A while ago I came across Cynthia Rudin through their work on the FICO Explainable Machine Learning Challenge. Her team got an honourable mention and she wrote an opinion with Joanna Radin on explainable models. I think the article was hyperbolic on claiming interpretable models always work as well as black box models. On the other hand I only came across her because of this article, so taking an extreme viewpoint in the media is a good way to get attention.

But getting past the headlines there is an interesting perspective. Her tutorial on The Secrets of Machine Learning takes a more nuanced point of view:

most machine learning methods tend to perform similarly, if tuned properly, when the covariates have an inherent meaning as predictor variables (e.g., age, gender, blood pressure) rather than raw measurement values (e.g., raw pixel values from images, raw time points from sound files)
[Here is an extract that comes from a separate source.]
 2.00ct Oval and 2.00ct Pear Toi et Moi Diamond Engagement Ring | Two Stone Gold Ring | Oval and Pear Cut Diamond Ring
This is quite a reasonable claim; one of the benefits of black box models like boosted and bagged trees, and neural networks is that they do very well with complex raw features, and are currently nearly always a key part in winning machine learning competitions on Kaggle. However when you have reasonable features you may be able to construct a simple model that can do quite well. They go on to say:

Interestingly, adding more data, adding domain knowledge, or improving the quality of data, can often be much more valuable than switching algorithms or changing tuning procedures

This is a great point; the amount of data (especially unusual examples) and the quality data fundamentally limit how good the model can be (and even how well you can evaluate model performance). With simpler models it's easier to integrate domain knowledge to make a simpler model. This has a larger up front cost than throwing a gradient boosting machine at the problem; but it has some potential benefits.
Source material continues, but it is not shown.